Data excerpts
- - -
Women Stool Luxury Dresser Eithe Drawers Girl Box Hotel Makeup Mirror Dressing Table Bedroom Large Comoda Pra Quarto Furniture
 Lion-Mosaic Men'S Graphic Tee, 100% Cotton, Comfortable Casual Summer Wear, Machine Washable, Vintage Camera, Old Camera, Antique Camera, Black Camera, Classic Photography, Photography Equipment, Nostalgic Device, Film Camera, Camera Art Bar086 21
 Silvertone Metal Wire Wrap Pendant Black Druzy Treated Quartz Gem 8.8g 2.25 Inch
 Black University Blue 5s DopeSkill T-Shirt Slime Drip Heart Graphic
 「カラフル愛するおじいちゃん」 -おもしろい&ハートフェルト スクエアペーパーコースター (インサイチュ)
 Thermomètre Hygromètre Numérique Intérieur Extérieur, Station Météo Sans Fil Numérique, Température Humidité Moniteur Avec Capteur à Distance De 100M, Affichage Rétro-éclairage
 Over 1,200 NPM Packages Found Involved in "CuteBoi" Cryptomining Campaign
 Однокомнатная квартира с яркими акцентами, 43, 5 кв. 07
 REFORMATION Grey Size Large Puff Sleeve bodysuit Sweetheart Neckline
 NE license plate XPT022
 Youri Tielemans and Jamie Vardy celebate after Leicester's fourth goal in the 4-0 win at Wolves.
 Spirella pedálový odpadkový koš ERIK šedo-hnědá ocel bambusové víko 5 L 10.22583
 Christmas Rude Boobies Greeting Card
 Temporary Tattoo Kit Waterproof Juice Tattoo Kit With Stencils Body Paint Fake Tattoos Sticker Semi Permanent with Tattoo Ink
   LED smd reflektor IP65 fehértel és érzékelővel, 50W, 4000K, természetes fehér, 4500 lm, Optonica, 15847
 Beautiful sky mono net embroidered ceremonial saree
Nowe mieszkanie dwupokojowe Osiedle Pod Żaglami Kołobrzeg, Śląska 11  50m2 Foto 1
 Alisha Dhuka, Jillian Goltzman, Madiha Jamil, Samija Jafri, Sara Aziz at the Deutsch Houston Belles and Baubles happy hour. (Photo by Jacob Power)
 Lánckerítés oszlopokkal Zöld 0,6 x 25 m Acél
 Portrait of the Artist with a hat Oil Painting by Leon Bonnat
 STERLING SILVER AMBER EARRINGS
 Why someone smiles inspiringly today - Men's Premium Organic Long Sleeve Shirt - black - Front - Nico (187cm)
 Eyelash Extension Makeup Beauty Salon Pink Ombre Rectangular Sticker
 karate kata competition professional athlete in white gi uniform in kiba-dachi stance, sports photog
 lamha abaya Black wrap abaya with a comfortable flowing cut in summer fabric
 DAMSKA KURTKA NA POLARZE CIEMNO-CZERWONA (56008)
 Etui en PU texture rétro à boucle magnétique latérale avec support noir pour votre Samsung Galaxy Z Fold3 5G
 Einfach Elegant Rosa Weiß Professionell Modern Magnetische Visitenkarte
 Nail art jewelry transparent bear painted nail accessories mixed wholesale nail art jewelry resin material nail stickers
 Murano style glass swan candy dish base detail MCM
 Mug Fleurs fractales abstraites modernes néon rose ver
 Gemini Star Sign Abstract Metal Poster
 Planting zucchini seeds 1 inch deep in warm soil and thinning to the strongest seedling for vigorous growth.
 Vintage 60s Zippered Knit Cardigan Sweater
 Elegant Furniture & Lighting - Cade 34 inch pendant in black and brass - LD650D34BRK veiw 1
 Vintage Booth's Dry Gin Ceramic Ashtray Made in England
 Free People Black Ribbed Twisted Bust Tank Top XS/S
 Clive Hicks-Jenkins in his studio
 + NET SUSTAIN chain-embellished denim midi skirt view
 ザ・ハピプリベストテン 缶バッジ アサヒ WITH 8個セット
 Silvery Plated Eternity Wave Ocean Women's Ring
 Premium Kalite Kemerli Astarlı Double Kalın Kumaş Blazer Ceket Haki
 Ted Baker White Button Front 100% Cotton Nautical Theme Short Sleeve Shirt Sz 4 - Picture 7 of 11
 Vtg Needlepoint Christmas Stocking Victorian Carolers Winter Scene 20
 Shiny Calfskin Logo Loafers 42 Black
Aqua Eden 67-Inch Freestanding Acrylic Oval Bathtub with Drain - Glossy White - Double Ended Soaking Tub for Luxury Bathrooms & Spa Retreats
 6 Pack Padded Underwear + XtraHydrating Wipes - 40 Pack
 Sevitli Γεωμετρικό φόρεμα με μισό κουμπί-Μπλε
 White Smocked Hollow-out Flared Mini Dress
- - -
**What is being asked:** In the data above, find the line with "Elegant Furniture &" and the line with "Silvery Plated Eternity". Retype both, plus every line between them, exactly.

**Reply:**
 Elegant Furniture & Lighting - Cade 34 inch pendant in black and brass - LD650D34BRK veiw 1
 Vintage Booth's Dry Gin Ceramic Ashtray Made in England
 Free People Black Ribbed Twisted Bust Tank Top XS/S
 Clive Hicks-Jenkins in his studio
 + NET SUSTAIN chain-embellished denim midi skirt view
 ザ・ハピプリベストテン 缶バッジ アサヒ WITH 8個セット
 Silvery Plated Eternity Wave Ocean Women's Ring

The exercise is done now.